Pete Marrocco, who worked with Elon Musk's team to oversee the gutting of foreign aid and the demolition of major U.S. aid agencies, has left the State Department, authorities said Monday.
The sudden departure is in the mid-August of the department's efforts to merge its aid group, the US International Development Agency, the US International Development Agency.
Marrocco was acting as the head of foreign aid for the department and would have overseen the remaining aid operations.
Marrocco is expected to do another job in the administration, US officials say.
The State Department did not provide official comment on Mr.

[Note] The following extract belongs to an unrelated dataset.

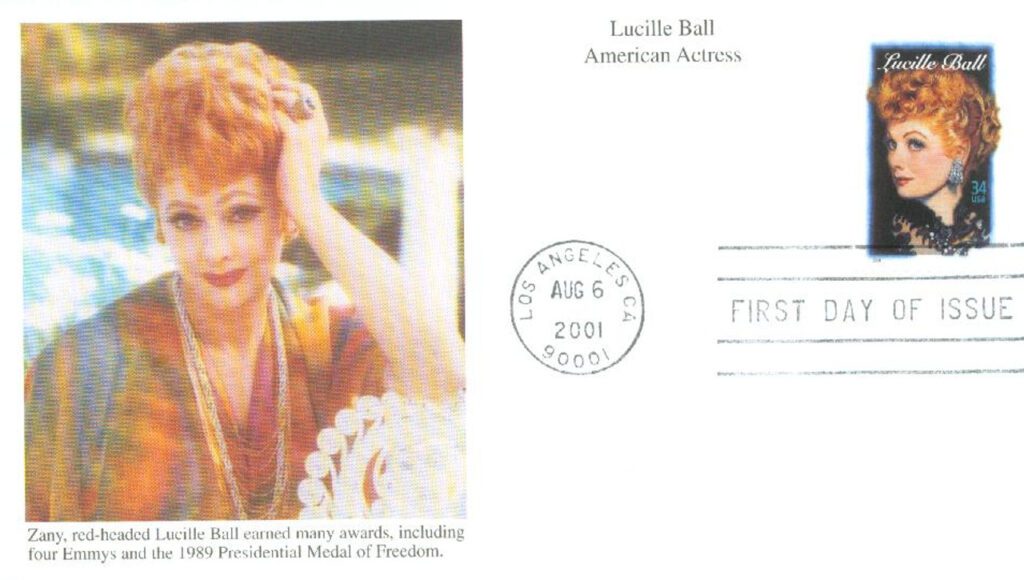 #3523 - 2001 34c Legends of Hollywood: Lucille Ball Mystic First Day Cover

Marrocco's departure. However, a statement from the department's press, which stems from “senior administrative authorities,” praised Marrocco for finding “a terrible abuse of taxpayer dollars” while in his tenure. The statement did not provide any examples of such abuse.

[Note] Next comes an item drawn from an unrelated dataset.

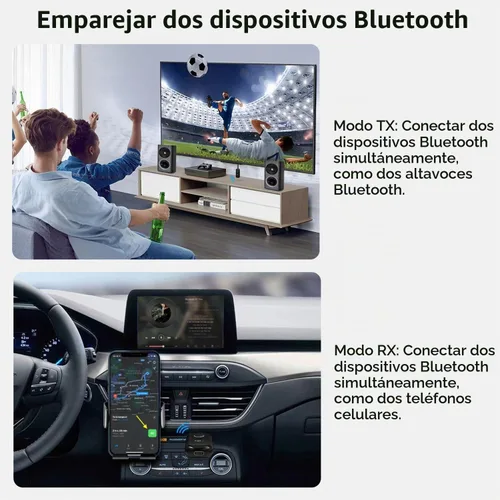 Vista 4 de Receptor transmisor de audio Bluetooth 5.2 para TV, 2 conexiones de dispositivos BT Transmisor Bluetooth para auriculares, adaptador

Critics for Marrocco said they plan to continue scrutiny of how he and Secretary of State Marco Rubio have destroyed foreign aid.

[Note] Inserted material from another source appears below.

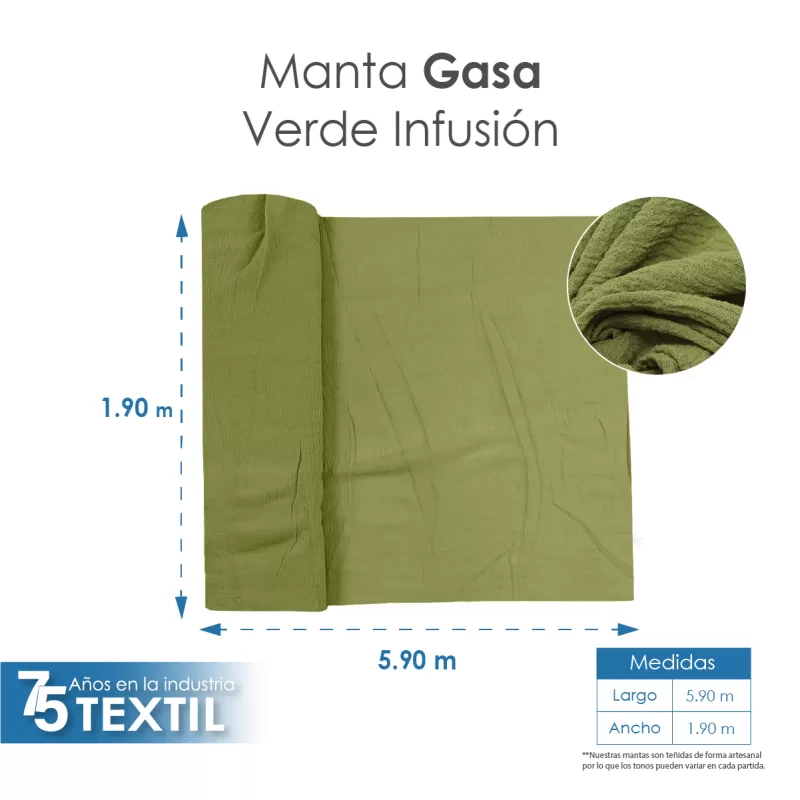 Gasa Teñida 1.90 M ancho Verde Infusión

“Pete Marrocco's tenure has been a statement from Sen. Brian Schatz, a Hawaii Democrat, added in a statement, “Pete Marrocco's tenure has caused confusion in USAID, bringing reckless and illegal policies to the State Department, and dismantling long-standing US foreign policy,” adding that “millions of people around the world have taken away life-saving aid and saved the credibility of the United States.”
Marrocco visited the State Department's senior post office in late January to oversee foreign aid. After Rubio was appointed as USAID's proxy administrator on February 3, he was appointed by Marrocco as acting agent for the agency. Rubio said there is a need to publicly defend the reduction in foreign aid and curb the excessively vast use of aid.
Marrocco left his secondary position last month, and his duties were taken over by Jeremy Lewin, a 28-year-old employee of the Government Reduction Task Force, led by Musk, Trump's billionaire adviser. Marocco and Muskco's team entered USAID's headquarters in late January to break down the agency's technological infrastructure, which Musk later called it a social media “crime organisation.”
In recent weeks, some US officials have spoken about serious tensions between Marrocco and his senior colleagues.
However, Rubio approved all foreign aid cuts. He announced in early March that he and Musk's team had cut more than 83% of USAID's program, which was operating on 5,200 contracts. The majority of the agency's 10,000 employees have been fired.
The New York Times reported last month that Katt had destroyed the USAID operation to the extent that he struggled to convened Myanmar's response to a catastrophic earthquake, but China, Russia and other countries quickly sent teams. After a team of three USAID workers finally arrived in the country, they received an email saying they were fired.
The agreement was also ended, where Marrocco and other officials believed employees from some aid agencies would be preserved. In a round of cuts earlier this month, Marocco and other State Department officials have concluded all US humanitarian aid to Afghanistan and Yemen, where millions of people suffer from food shortages. Food aid contracts to Niger and the Democratic Republic of the Congo have also been cut, as well as other programs that support dozens of countries.
Marrocco also met with officials of the Hungarian authoritarian leader, Victor Orban, and has pledged to suspend all aid programs that have “intervened” in the country's internal affairs, according to a statement released by official Tristan Azbezi.
The Wall Street Journal reported that Marrocco had left the State Department on Sunday.
Marrocco worked easily for USAID in the first Trump administration and the State Department and the Pentagon. Aid agency employees submitted a 13-page memo in September 2020 accusing Marrocco of not managing it. “Intervention is urgently needed,” it said.
In 2018, while working as a political appointee at the State Department, Marrocco secretly met the nationalist Bosnian Serbian separatist leaders on the Balkans. The US ambassadors for Bosnia and Herzegovina replied Mr. Marrocco. That responsibilities were confirmed in the times by American officials.
The group of investigators publicly said that Marrocco, who was also a USAID appointee during the first Trump administration, and his wife Merritt Corrigan, were in photos of people who joined Capitol on January 6, 2021.
The State Department has not responded to public comments to various email requests sent since late January about Marrocco's activities since the first Trump administration.